The copper matrix would be distorted by the impression of the punch, spreading out and losing its flat sides. These bulges were then removed to make a matrix that was justified and true. This would then be fitted into the hand mould (or later, a casting machine) and from this, type would be cast. The punchcutter, who made the shape of the letter, was not responsible for how the letter would be cast on its body, how much space would be on the left or right of the letter, or of how much space above and below. The punchcutter would know how big the the size of type would be and make adjustments; he would decide how large the relationships were between capital height and the lower case was (if he was cutting one), of how large ascenders and descenders were, but its final placement on the body of the type would occur later when the matrix was being made. The quality of a typeface is not simply the letter itself, but how these letters fit together. Today type design is a unified activity; the drawing of letters and the spacing of them happen simultaneously.
By the end of the nineteenth century, a new method of making punches was being pioneered. A pantographic engraving machine cut the steel. Multiple sizes and quantities of punches could be made from large scale drawings, largely making the punchcutter obsolete. With the new technologies of Monotype and Linotype casting machines, the old foundries lost much of their trade. In Britain, this lead to the disappearance of Caslon in the ’30s, Miller and Richard in the ’50s, and Stevens Shanks by the ’70s.At St Bride a photographic record exists of the Caslon foundry at the beginning of the twentieth century, both at its original location on Chiswell Street and later at Rothbury Road, in the East of London. A more readily available document is vom Schriftgiesen Porträt der Firma D. Stempel, Frankfrurt am Main, 1987. With photographs taken by Ronald Schmets, it records the final days of the Stempel foundry which was still producing metal type for hand composition in 1986. The material of typefounding had limited values: the price of the scrap steel for the punches and a lower value for the copper of the matrices. Handmade matrices could be reengineered to fit Monotype machines, but they were mostly scrapped.

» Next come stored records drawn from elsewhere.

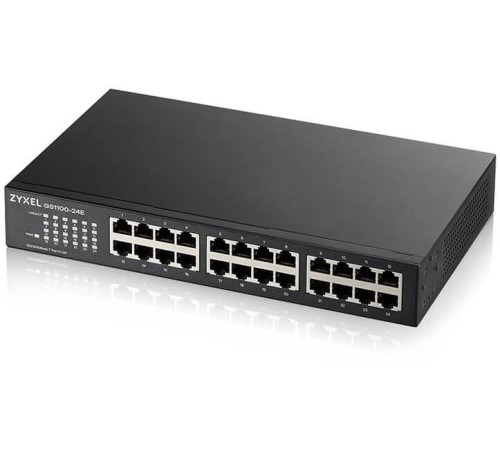 Коммутатор Коммутатор Zyxel GS1100-24E, 24xGE, rack 19", бесшумный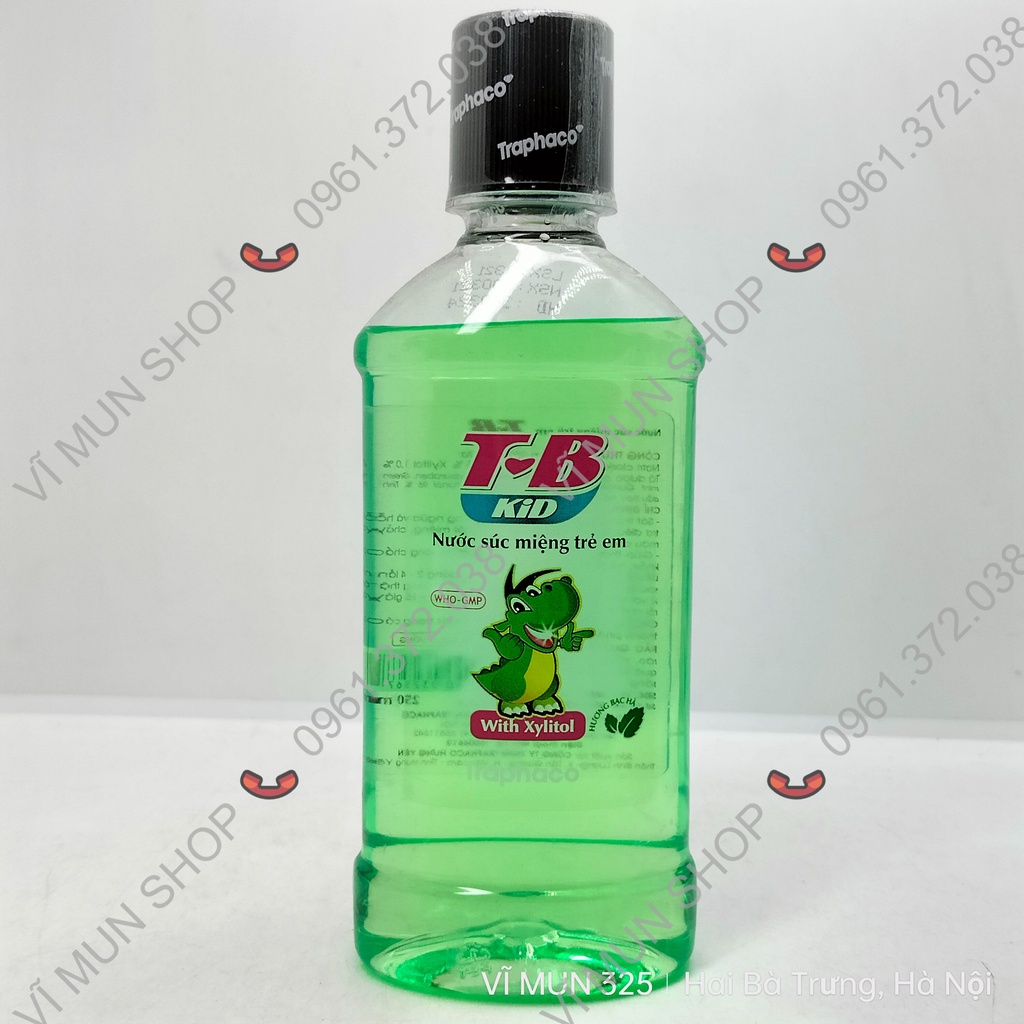 Nước súc miệng T-B Traphaco thơm miệng, sạch răng, phòng ngừa viêm họng, viêm lợi
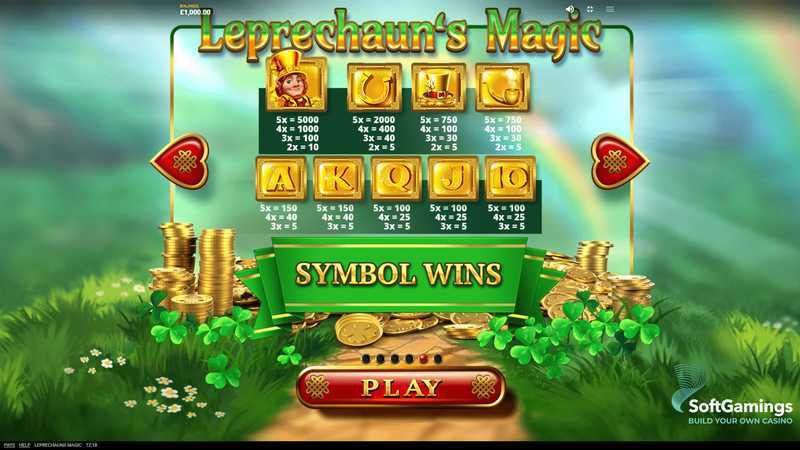 Play Leprechauns Magic by Red Tiger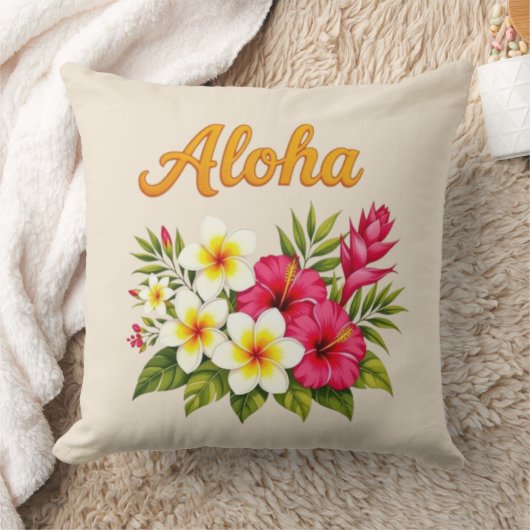 Aloha クッション (ブランケット)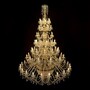 Casa Padrino Luxus Barock Kristall Kronleuchter Gold  200 x H. 315 cm - Prunkvolle Messing Kronleuchter mit b�hmischem Kristallglas - Barock M�bel - Edel & Prunkvoll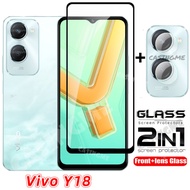 Vivo Y18 2024 2in1 Screen Protector Film For Vivo Y28S 18 VivoY18 18Y 4G 5G  Transparent Phone Scree
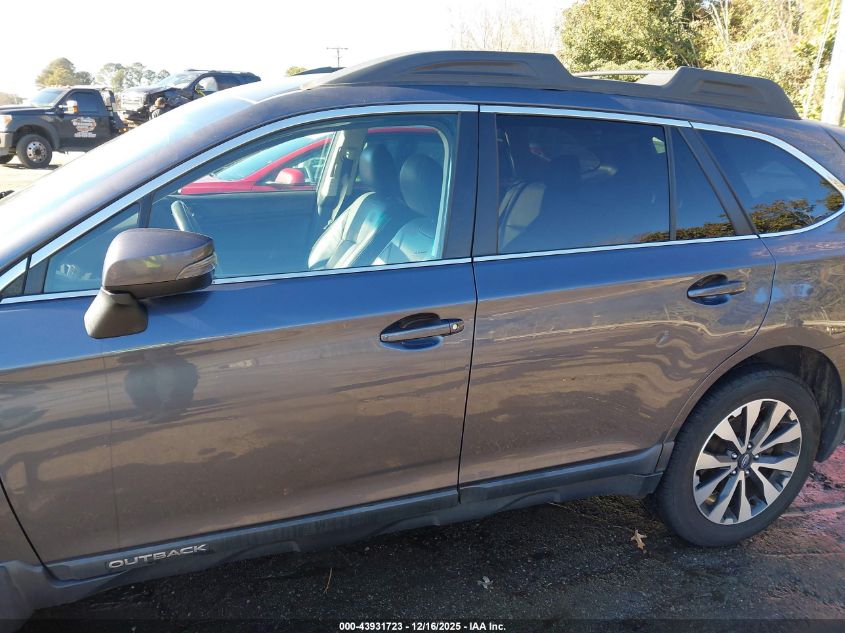 2016 Subaru Outback 2.5I Limited VIN: 4S4BSBJC2G3276045 Lot: 43931723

However, much survived in Britain: Stephenson Blake, which was the last foundry in existence in Britain, sold its type material to what is now the Type Archive in Stockwell, London. Some of the matrices and punches of Stevens Shanks, the successor to Figgins, were saved by James Mosley’s efforts, and are at St Bride Library. Caslon’s foundry was sold at auction; Stephenson Blake purchased what was useable and useful (such as Caslon Old Face), with the rest sold as scrap. The main body of punches (over a thousand boxes, dating back to the beginnings of the foundry in the eighteenth century) was purchased by Monotype as a source of potential designs. These were donated to the Oxford University Press and eventually found their way to St Bride.